I am trying to prove Cayley's theorem in a way which avoids any particular maps from $G$ to a group of permutations on any particular set (contrary to the standard way of proving it, which involves associating every element $a$ with a permutation $ax$ as $x$ spans $G$). Here's an outline for Abelian groups of non-prime order:
- If groups $X$ and $Y$ are each isomorphic to a group of permutations, $X \times Y$ is also isomorphic to a group of permutations. (this is generally true for non-Abelian groups as well)
- We use strong induction on the order of $G$, assuming that all groups of order $(<k)$ are isomorphic to groups of permutations: the case for $1$ is trivially true.
- By the basis theorem for finite Abelian groups, every finite Abelian group $G$ is isomorphic to the product of cyclic subgroups (of $G$). Thus, by the inductive hypothesis, and $(1)$, we reach the desired conclusion. (I guess this fails when $G$ is of prime order)
However, the same approach fails when I try to apply it to non-Abelian groups. I have tried using the same techniques used in the proof of the basis theorem for finite Abelian groups. That entailed constructing a group $\langle x_1\rangle\times\langle x_2\rangle\times...\times\langle x_n\rangle$ of all or some elements of $G$ (I have also briefly tried selecting elements of prime power order). My approach was to prove the theorem from the fact that if a group $S$ is isomorphic to a group of permutations, then any subgroup of $S$ is also. So if we manage to find a group bigger than $G$ that satisfies the statement, we are done.
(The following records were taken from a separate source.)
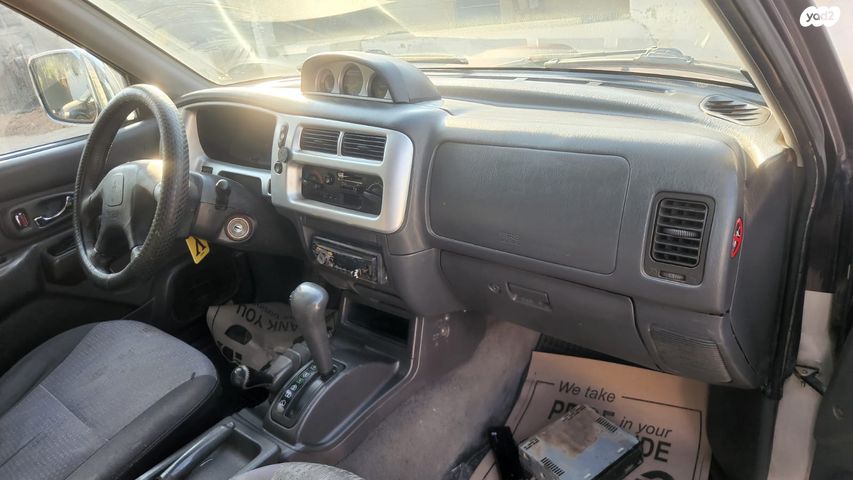 מיצובישי טרייטון / L200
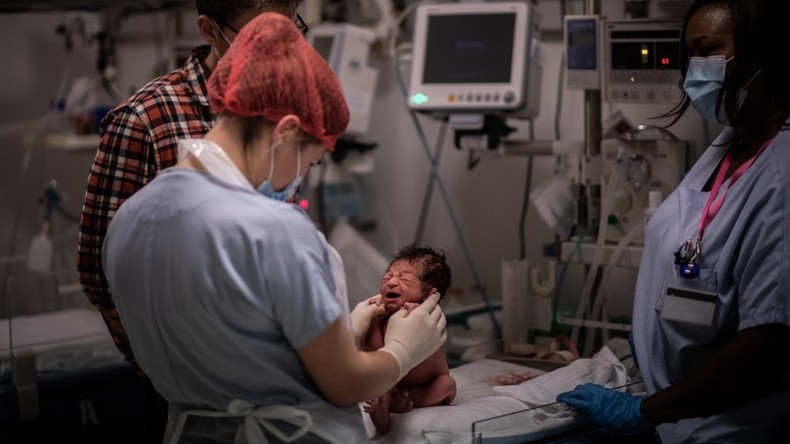 Natalité, espérance de vie, mariages : la démographie française lourdement impactée par le Covid-19
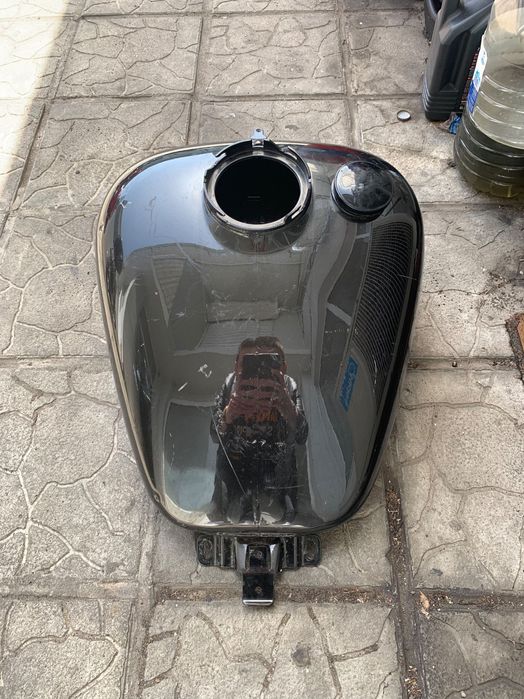 ЧАСТИ / Джанти, реле, седалки, Резервоар за Harley-Davidson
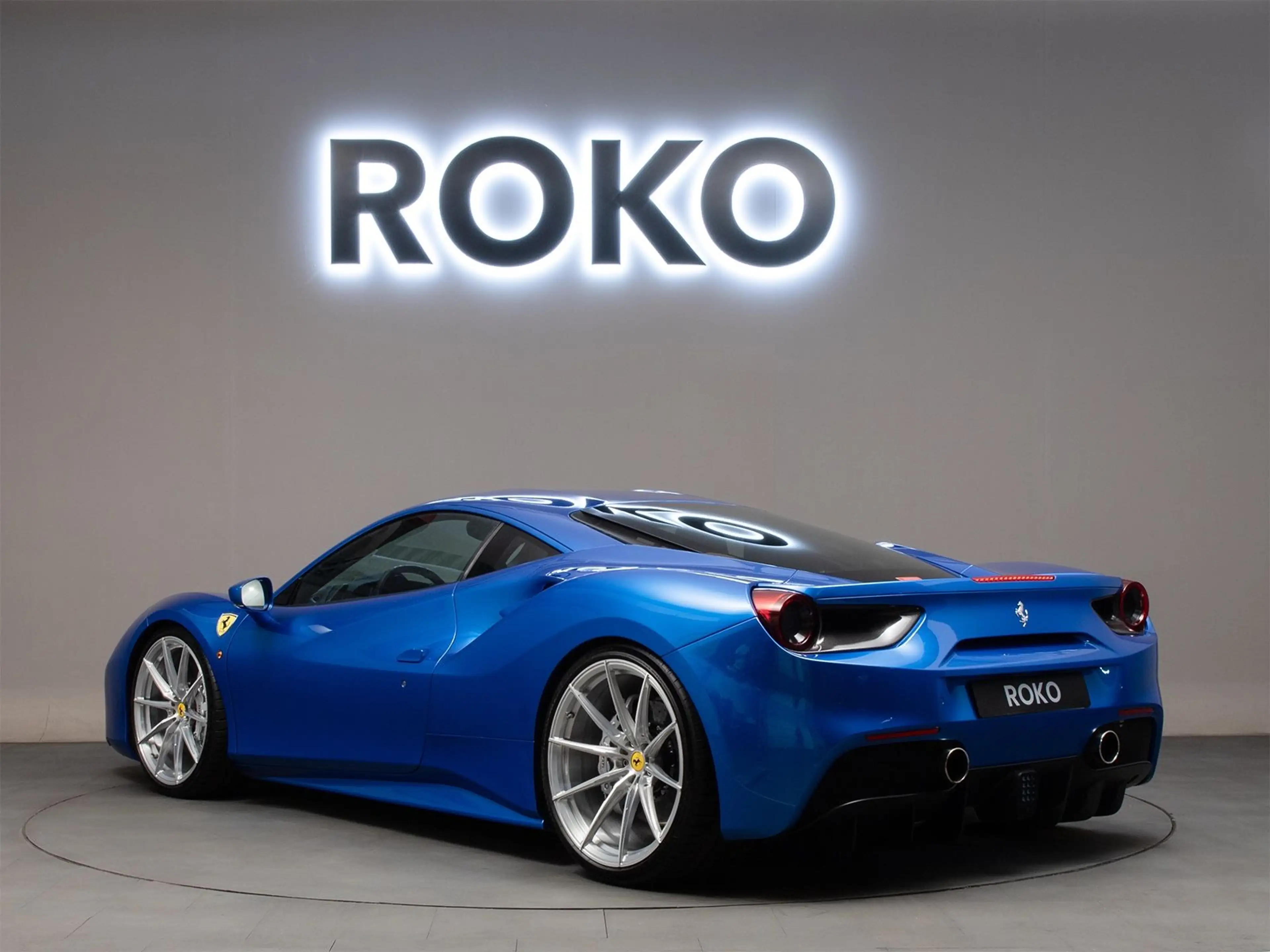 Ferrari 488 Coupé LIFT Carbon JBL Keramik CAM Leder — photo 9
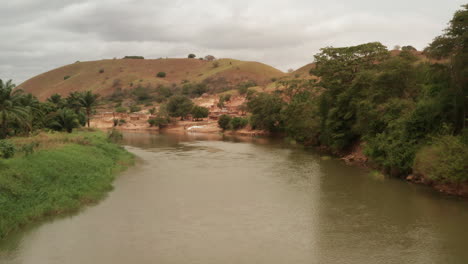 Flug-über-Den-Fluss-Keve,-Angola,-Afrika-6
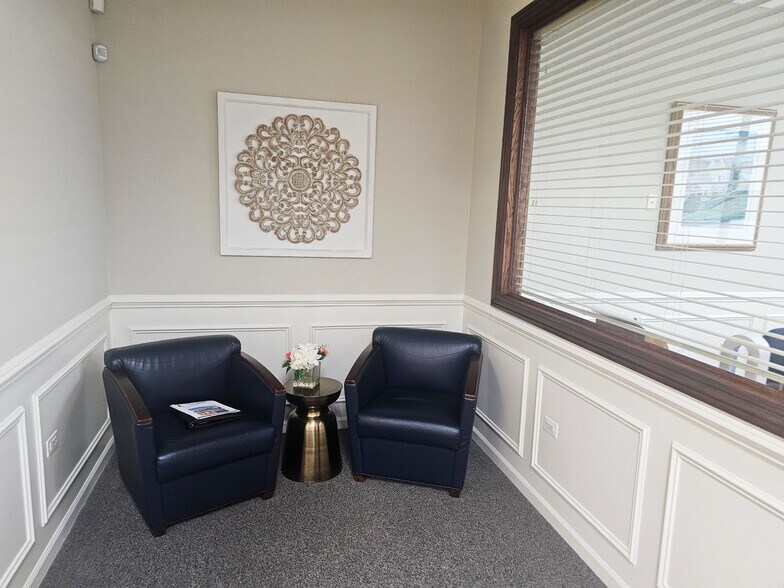 More Photos Of 14489 John Humphrey Dr, Orland Park Medical For Sale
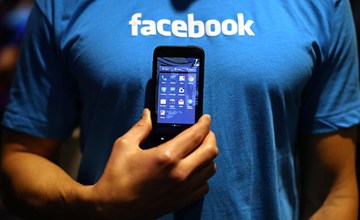 Niraj Dawar | Why Facebook’s unbundling strategy makes sense
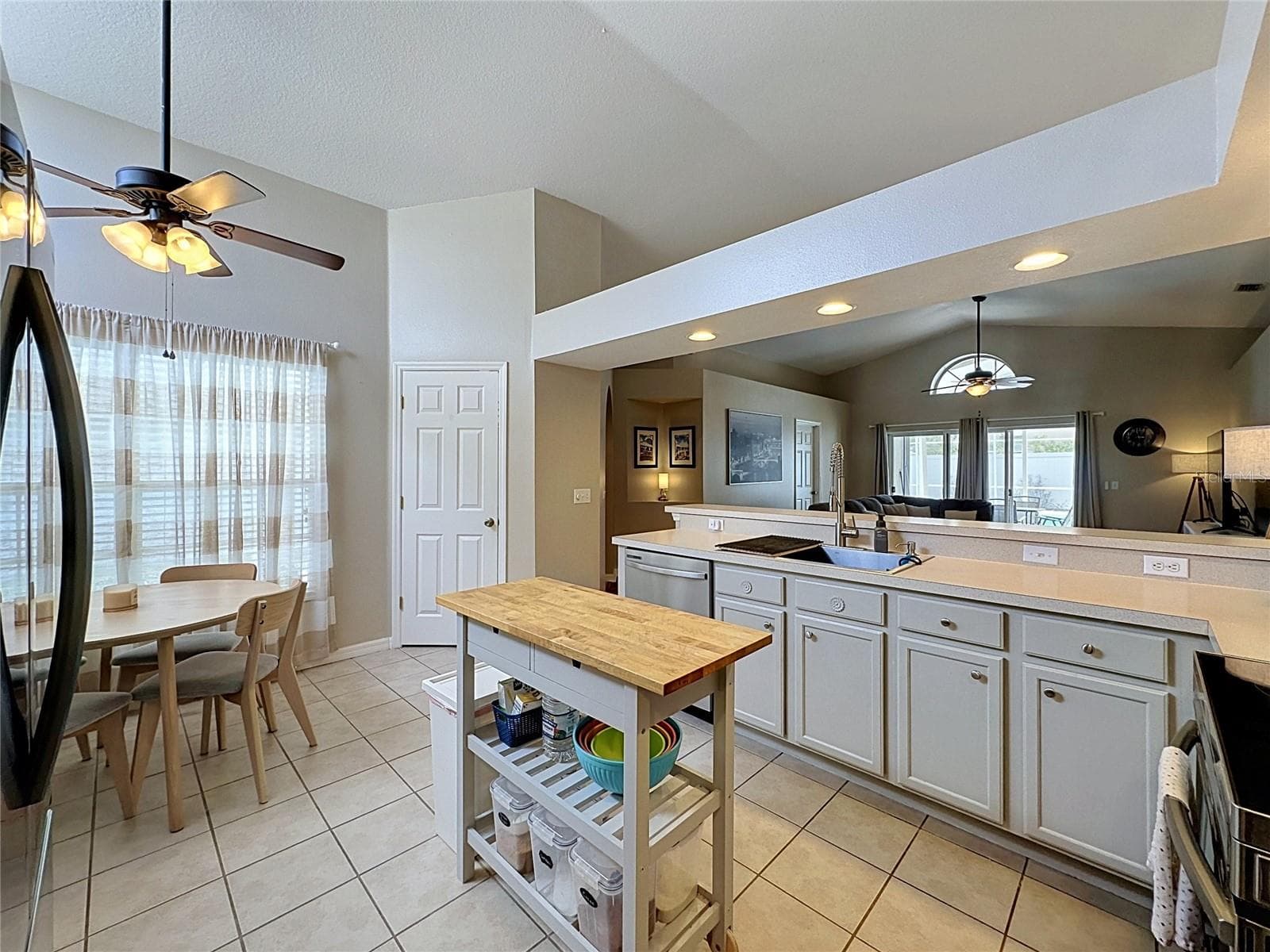 Single Family Residence at 866 KNIGHTSBRIDGE CIR, DAVENPORT, photo 13 of 58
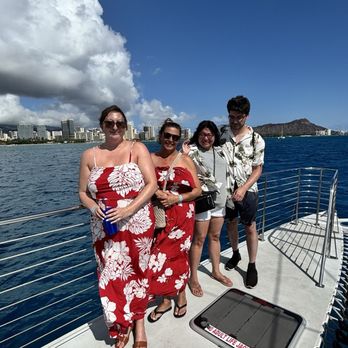 Makani Catamaran - Boating Near Me - Honolulu, Hawaii Makani Catamaran - Boating Near Me - Honolulu, Hawaii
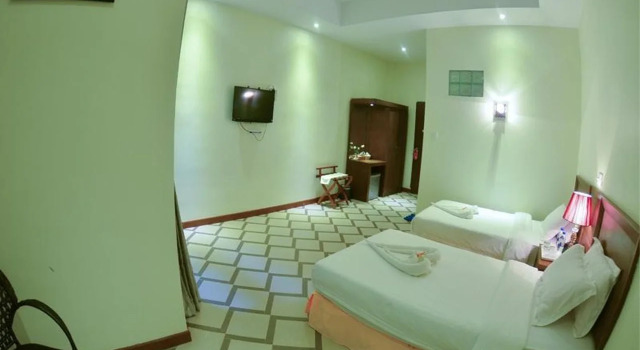 Ocean Blue Ngwe Saung Beach Hotel, Boek Hotel Hotels in Ngwe Saung met parkeren, Parkeren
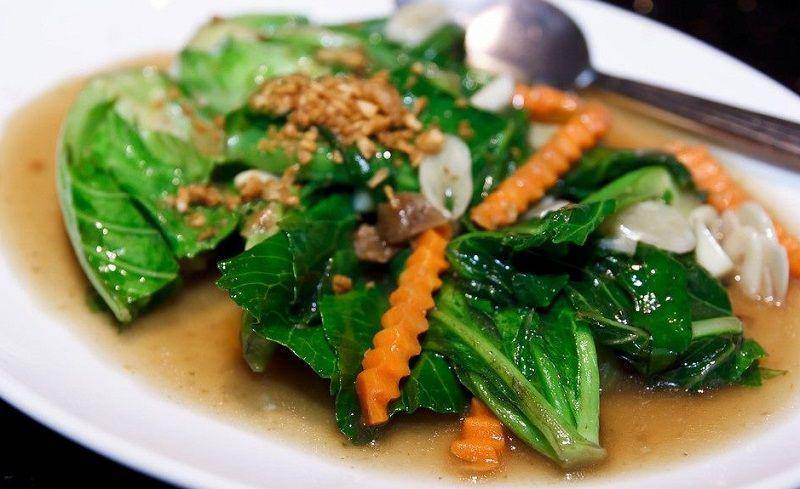 ilustrasi kailan tumis ala Thailand (magazine.foodpanda.my)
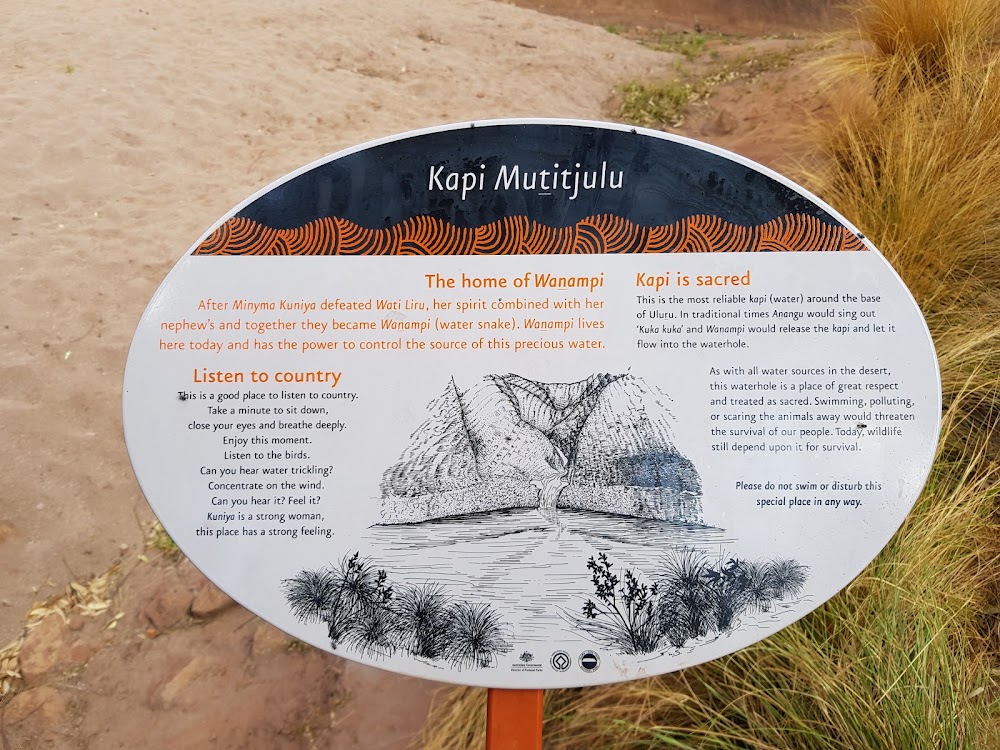 Mutitjulu Waterhole photo 3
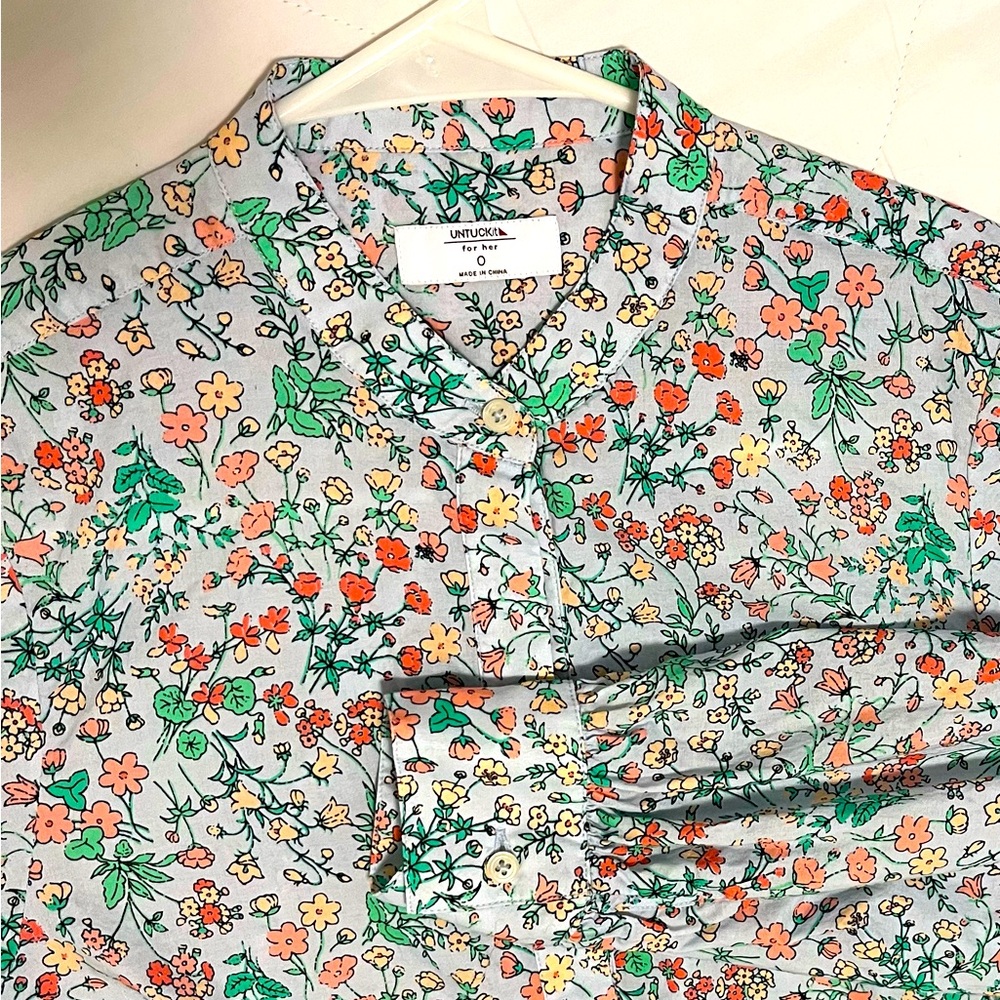 UNTUCKit floral blouse NWOT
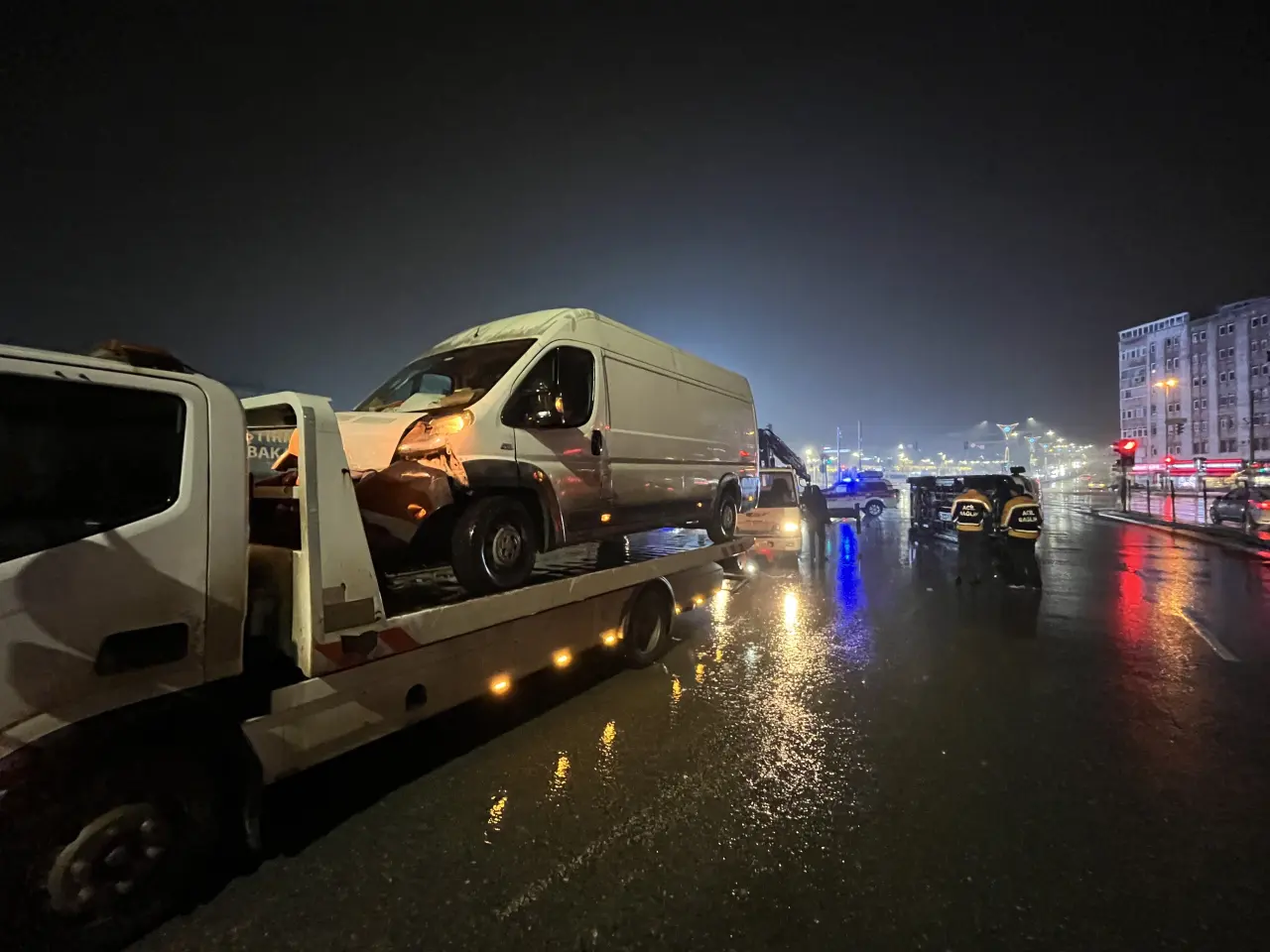 İzmit’te ambulans ve ticari araç çarpıştı: 3'ü sağlık çalışanı 6 yaralı 5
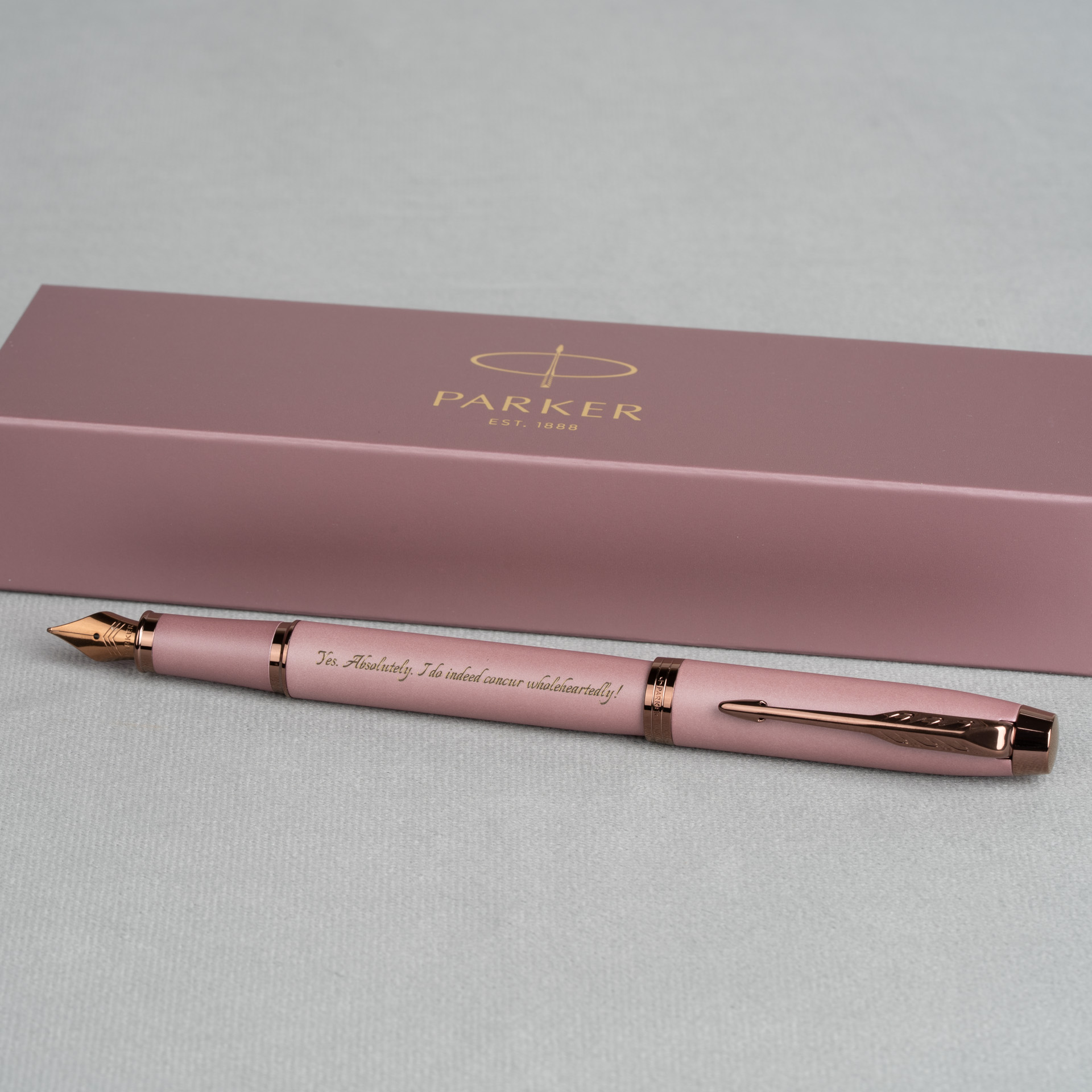 Pióro wieczne Parker IM Rituals Mauve z grawerem na tle różowego pudełka Parker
But the one thing where this approach seems to fail is in proving that $\langle x_1\rangle\times\langle x_2\rangle\times...\times\langle x_n\rangle$ actually contains an isomoporphic copy of $G$. If you try to simply associate each product $(x_1, ..., x_n)$ with he result of multiplying all the elements in $G$, that does not generally produce a homomorphism precisely because of the non-Abelian nature of $G$:
if $f$ is the function that associates every element of $\langle x_1\rangle\times\langle x_2\rangle\times...\times\langle x_n\rangle$ with the result of multiplying all the individual elements of $(x_1, ..., x_n)$ in $G$,
$$f((x_1, ..., x_n)\times (y_1, ..., y_n)) = x_1y_1...x_ny_n$$ which is not generally equal to $$f(x_1, ..., x_n)\cdot f(y_1, ..., y_n) = x_1...x_ny_1...y_n$$
So my question is, is there a way of extending this construction-less approach to proving Cayley's theorem to all groups or is there no way of doing so? I think it might just be possible to do so because the basis theorem used in the Abelian approach has stronger implications than are needed for proving just this theorem. If it were possible to prove that $G$ is just equal to some product of proper subgroups, we would be mostly done. Only the prime-ordered cases would remain.